**PROBLEM REQUIREMENTS:** Only the lines from the one with "Audi S6 e-tron Avant Quattro" to the end of the listing below should be set down, exactly as written and without any pictures.

---------- GIVEN INFORMATION

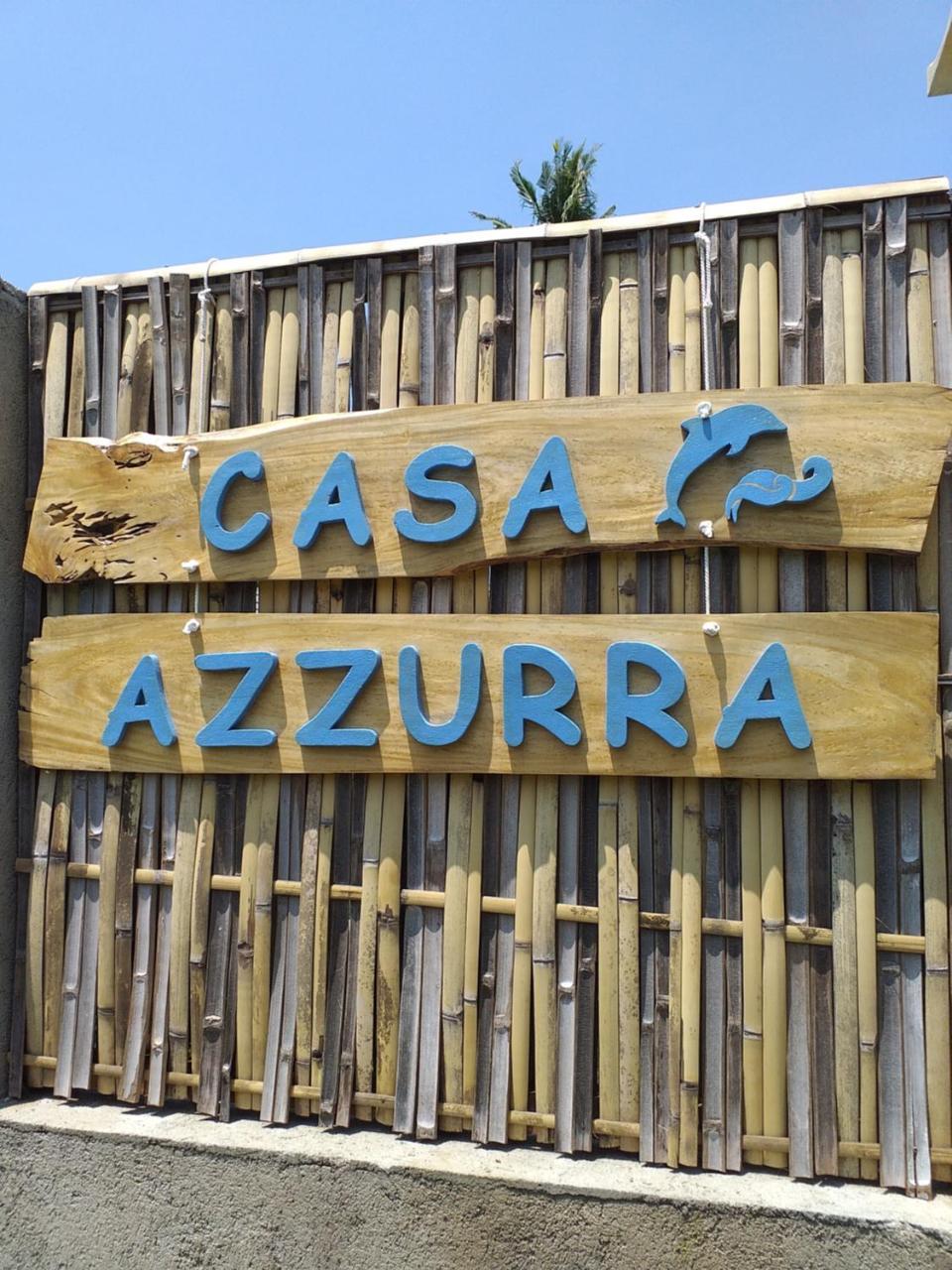 Bed and Breakfast Casa Azzurra Gili Air Exterior foto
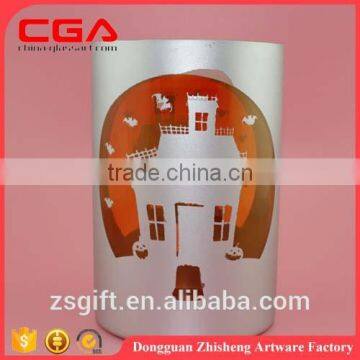 Exquisite Wholesale Christmas Handicrafts Glass Candle Holder Christmas Decoration Xmas Gift photo-5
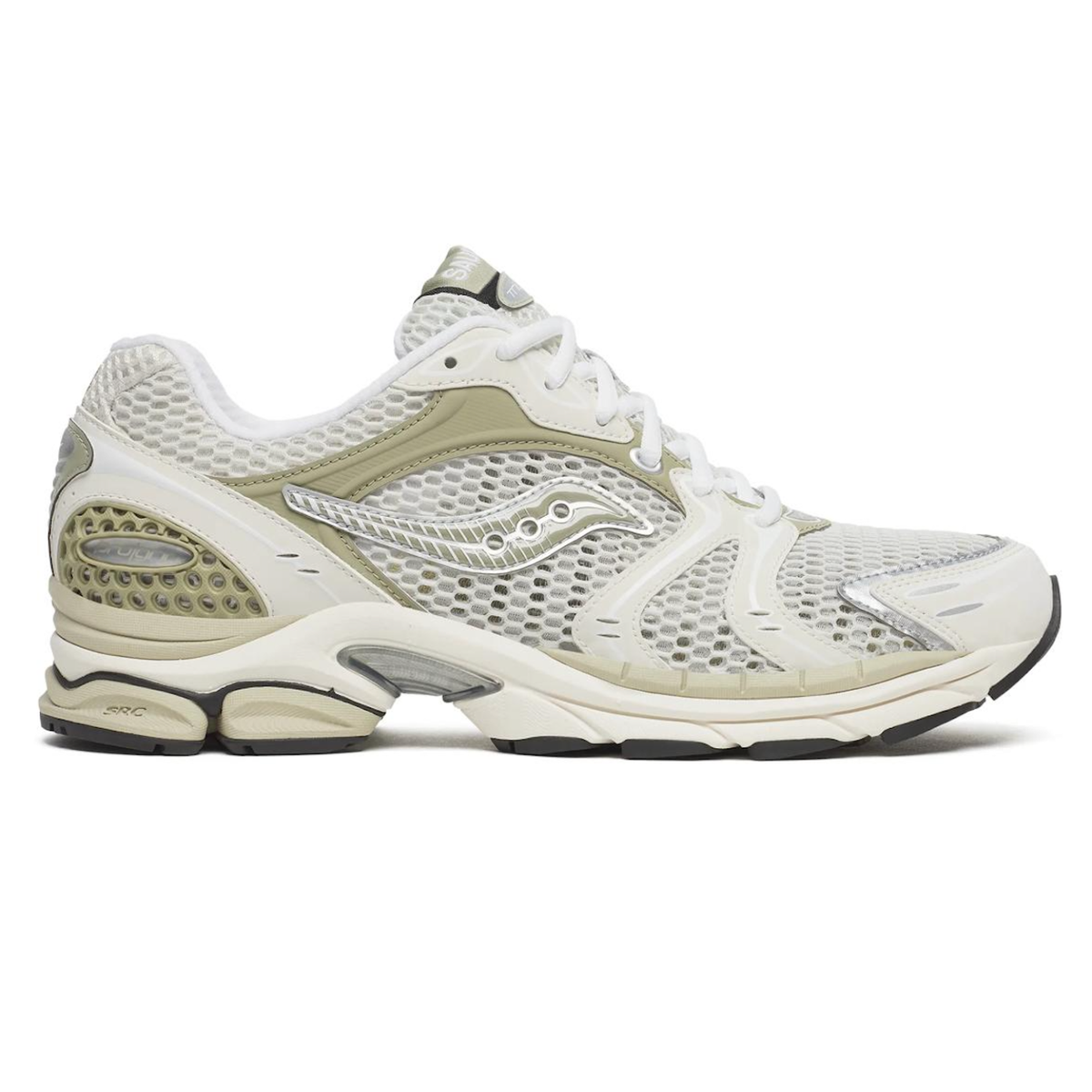 Saucony ProGrid Triumph 4 White/Onyx-Elm
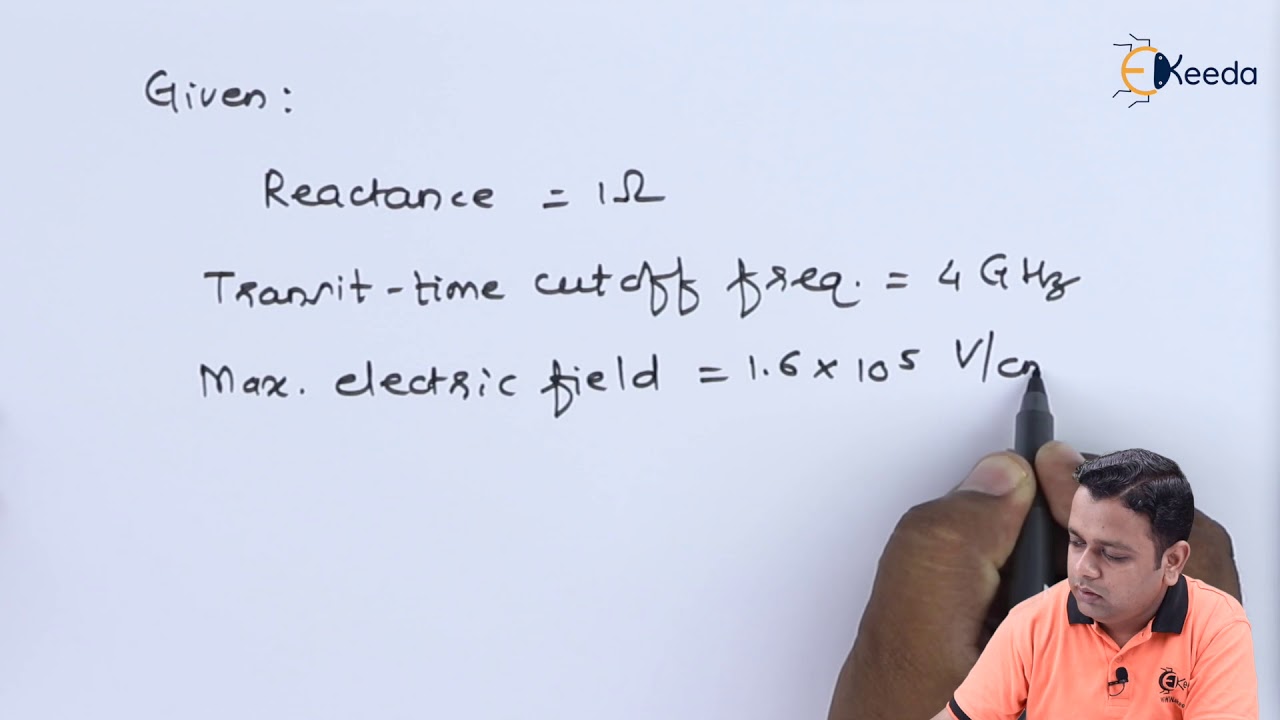 Problem Power Frequency Limitations of Microwave Transistors - Microwave Engineering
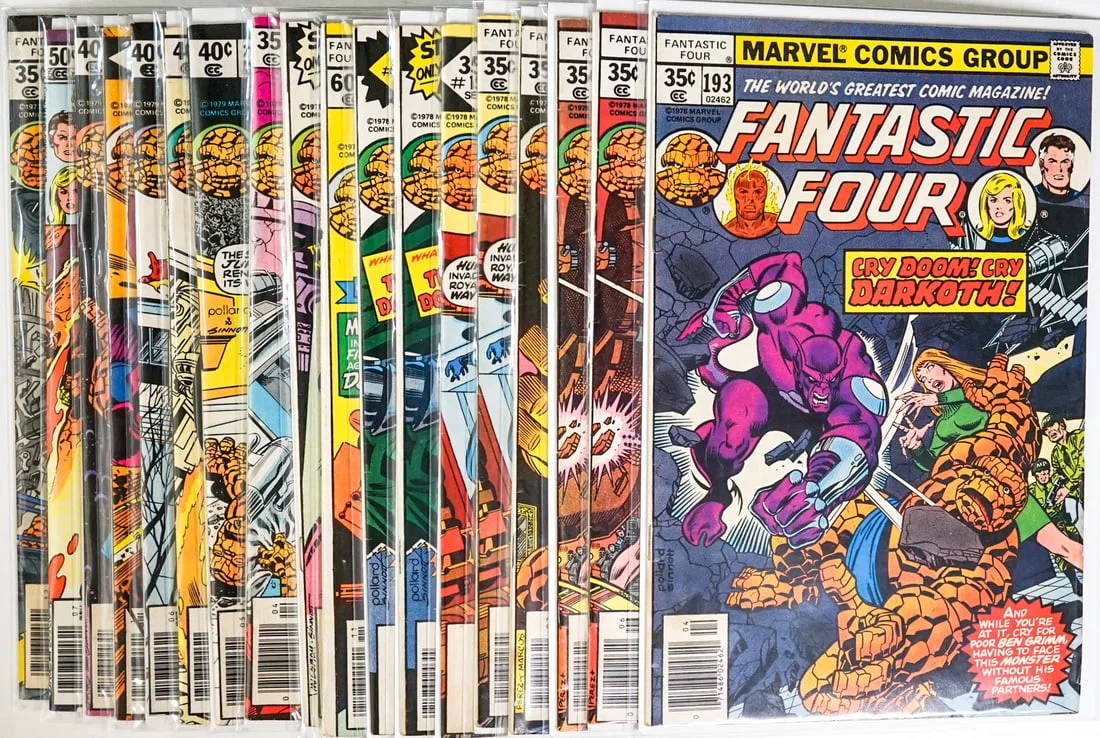 Fantastic Four Comic Books (18)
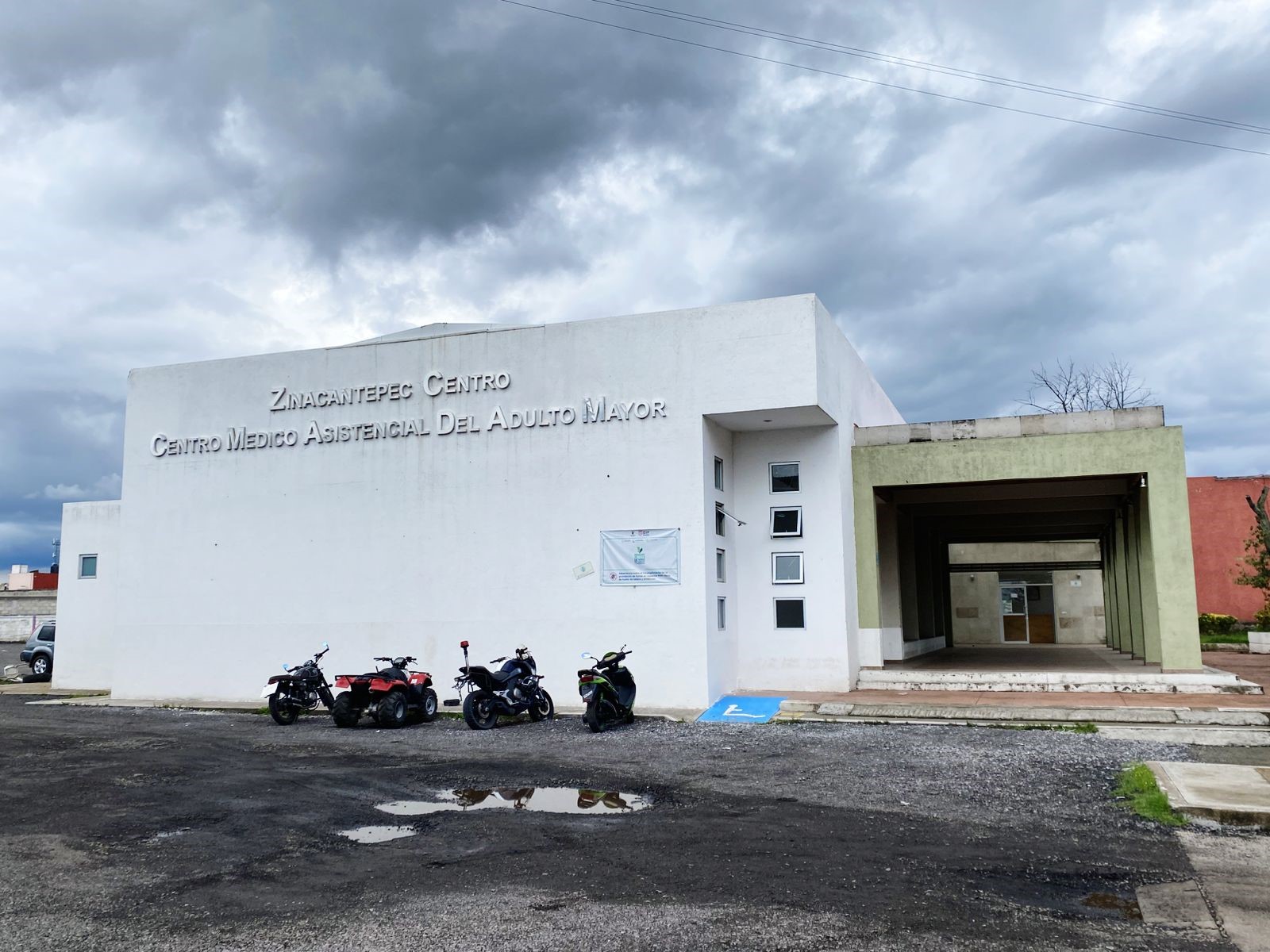 Centro Médico Asistencial del Adulto Mayor de Cabecera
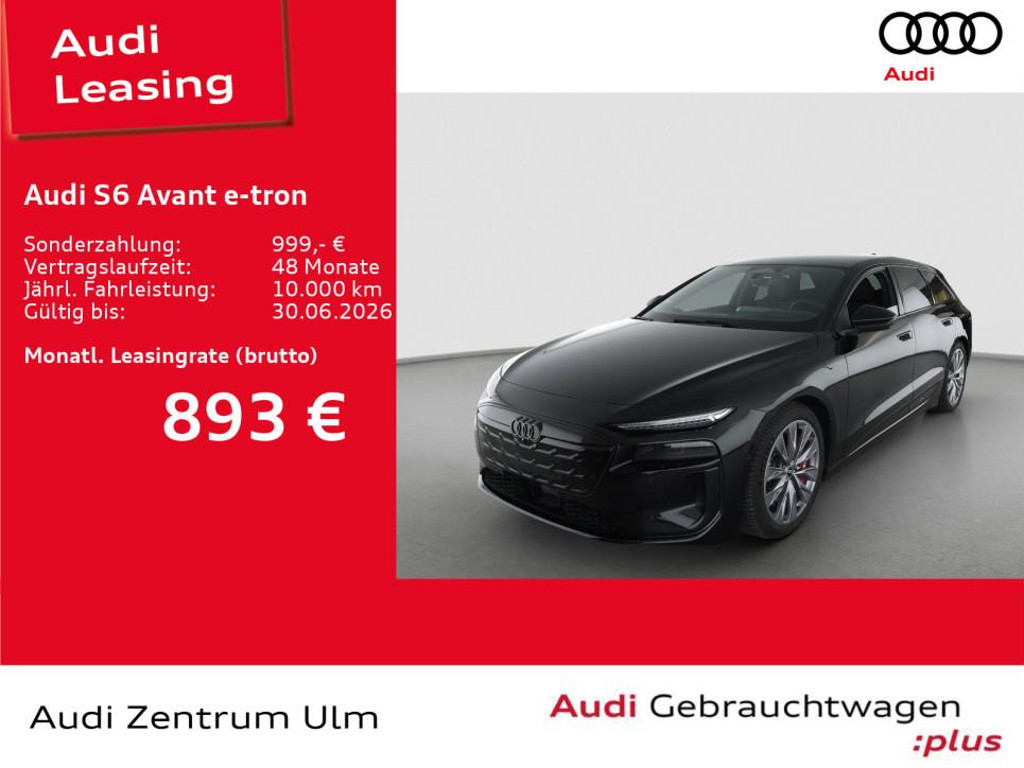 Audi S6 e-tron Avant Quattro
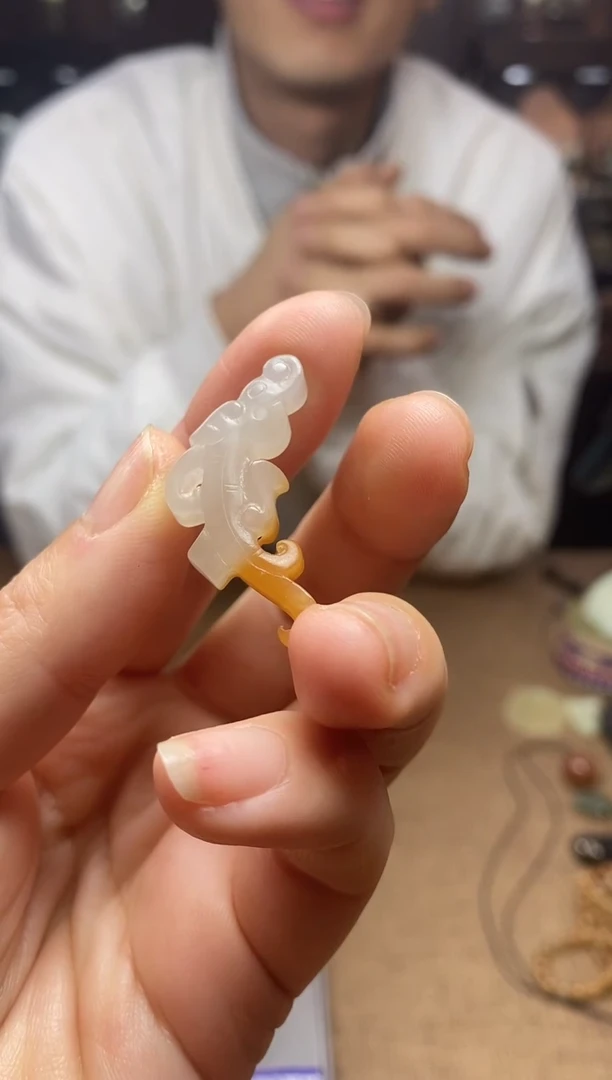 【闪购商品】和田玉颈饰未镶嵌挂件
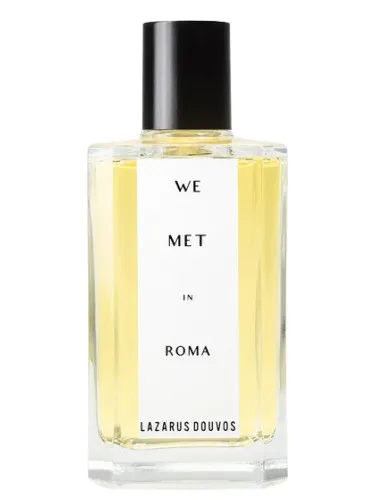 Perfume We Met in Roma de Lazarus Douvos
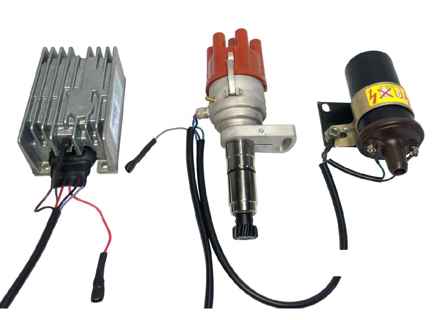 Ignition kit for MFI with 3 pin Gen 6 CDI module. Porsche 911 T / E / S - 91160270700, 91160270700/1, 90160250200/3, 911602021/1, 90160250200 - 911906, 911MF126, SC010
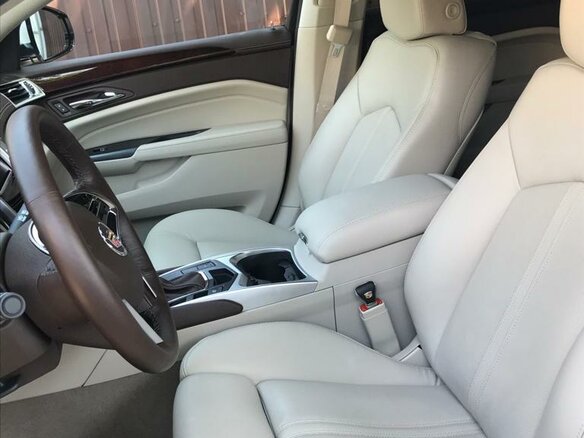 2014 Cadillac SRX II Рестайлинг, белый, 2100000 рублей - вид 5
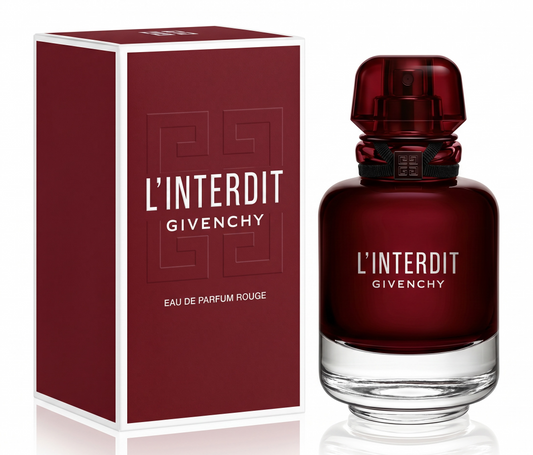 Givenchy L'Interdit Rouge (W) 2.6oz EDP Spray 80ml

--------------------

**TASK RESULT:**
 Audi S6 e-tron Avant Quattro
 【闪购商品】和田玉颈饰未镶嵌挂件
 Perfume We Met in Roma de Lazarus Douvos
 Ignition kit for MFI with 3 pin Gen 6 CDI module. Porsche 911 T / E / S - 91160270700, 91160270700/1, 90160250200/3, 911602021/1, 90160250200 - 911906, 911MF126, SC010
 2014 Cadillac SRX II Рестайлинг, белый, 2100000 рублей - вид 5
 Givenchy L'Interdit Rouge (W) 2.6oz EDP Spray 80ml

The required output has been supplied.